**Task requirements**
Lines from the one with "طريقة سهلة للعناية" to the end of the material, both included: print them exactly and print nothing else. Omit the pictures.

**Entries shown**
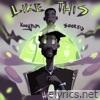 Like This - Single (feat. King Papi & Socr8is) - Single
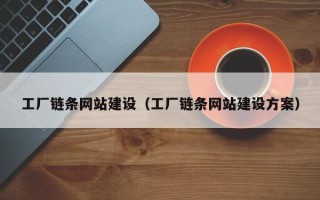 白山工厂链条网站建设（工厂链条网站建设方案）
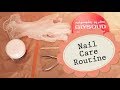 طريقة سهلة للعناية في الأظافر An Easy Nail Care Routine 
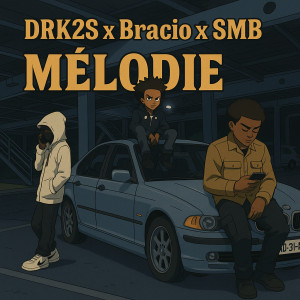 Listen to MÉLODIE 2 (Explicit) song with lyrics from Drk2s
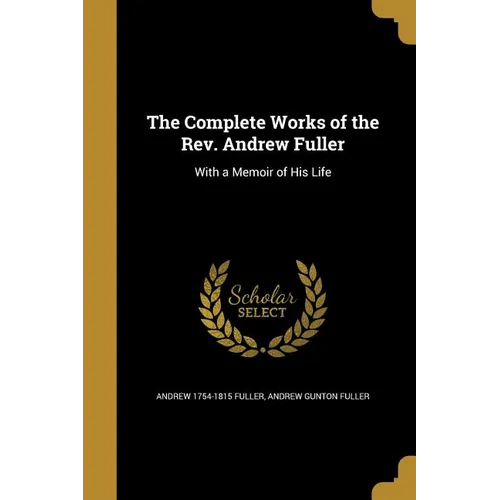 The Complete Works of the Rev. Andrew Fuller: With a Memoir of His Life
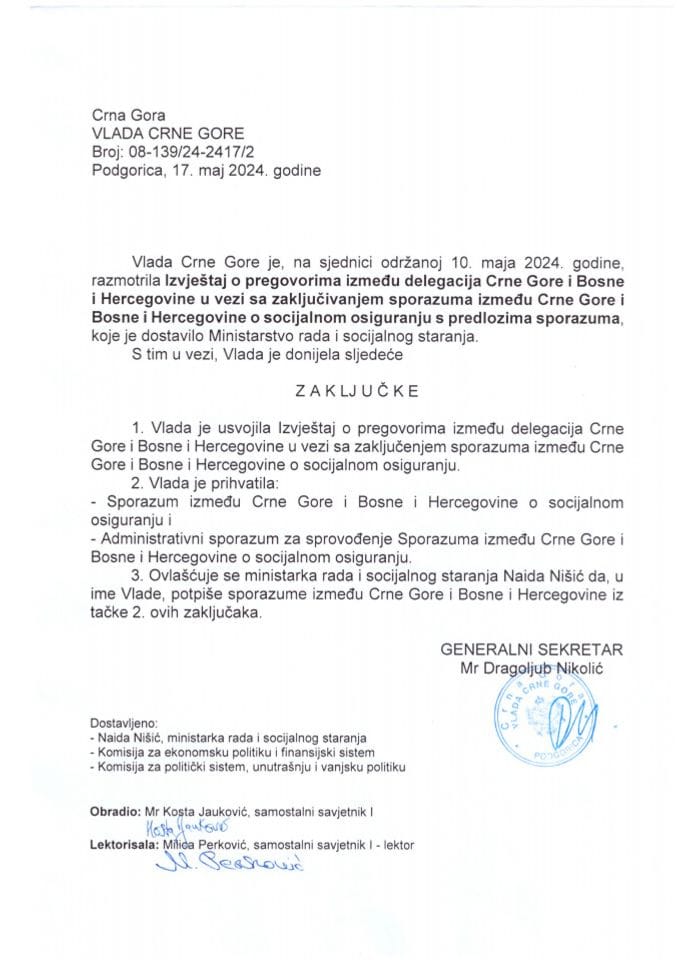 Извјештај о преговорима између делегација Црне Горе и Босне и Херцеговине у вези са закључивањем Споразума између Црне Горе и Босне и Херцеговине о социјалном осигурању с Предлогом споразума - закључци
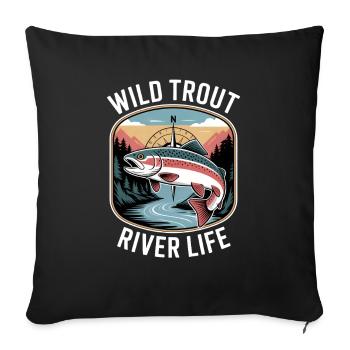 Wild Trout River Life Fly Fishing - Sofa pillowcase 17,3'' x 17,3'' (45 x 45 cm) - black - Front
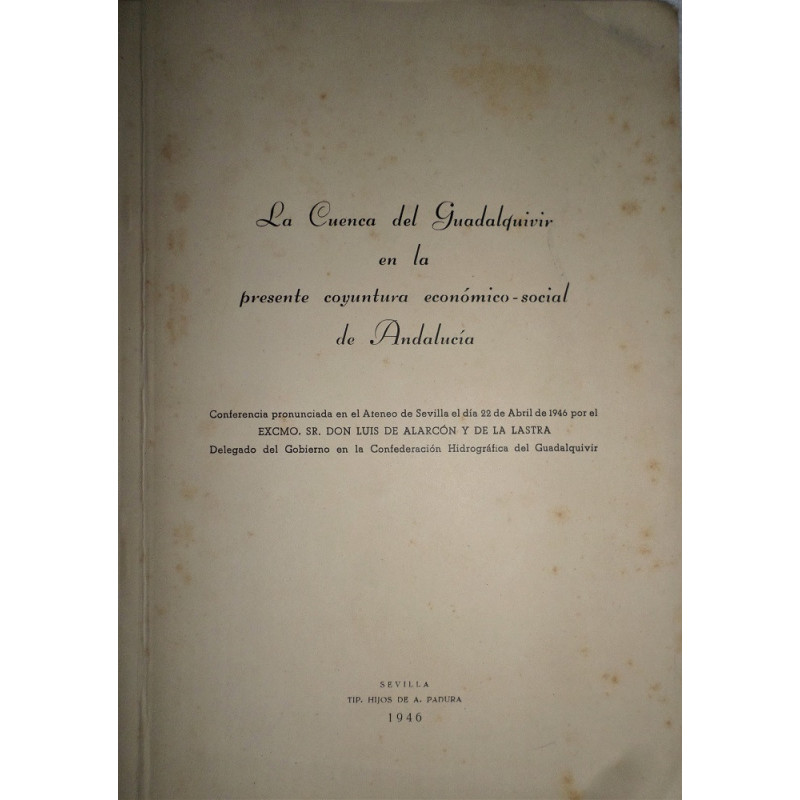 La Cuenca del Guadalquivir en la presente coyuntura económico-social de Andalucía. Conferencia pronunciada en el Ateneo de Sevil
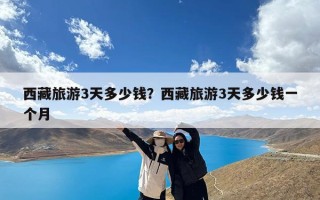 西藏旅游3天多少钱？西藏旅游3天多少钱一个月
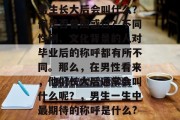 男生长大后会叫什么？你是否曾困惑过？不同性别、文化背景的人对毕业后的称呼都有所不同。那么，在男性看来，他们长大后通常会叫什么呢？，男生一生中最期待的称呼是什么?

**Problem solution**
 طريقة سهلة للعناية في الأظافر An Easy Nail Care Routine 
 Listen to MÉLODIE 2 (Explicit) song with lyrics from Drk2s
 The Complete Works of the Rev. Andrew Fuller: With a Memoir of His Life
 Извјештај о преговорима између делегација Црне Горе и Босне и Херцеговине у вези са закључивањем Споразума између Црне Горе и Босне и Херцеговине о социјалном осигурању с Предлогом споразума - закључци
 Wild Trout River Life Fly Fishing - Sofa pillowcase 17,3'' x 17,3'' (45 x 45 cm) - black - Front
 La Cuenca del Guadalquivir en la presente coyuntura económico-social de Andalucía. Conferencia pronunciada en el Ateneo de Sevil
 西藏旅游3天多少钱？西藏旅游3天多少钱一个月
 男生长大后会叫什么？你是否曾困惑过？不同性别、文化背景的人对毕业后的称呼都有所不同。那么，在男性看来，他们长大后通常会叫什么呢？，男生一生中最期待的称呼是什么?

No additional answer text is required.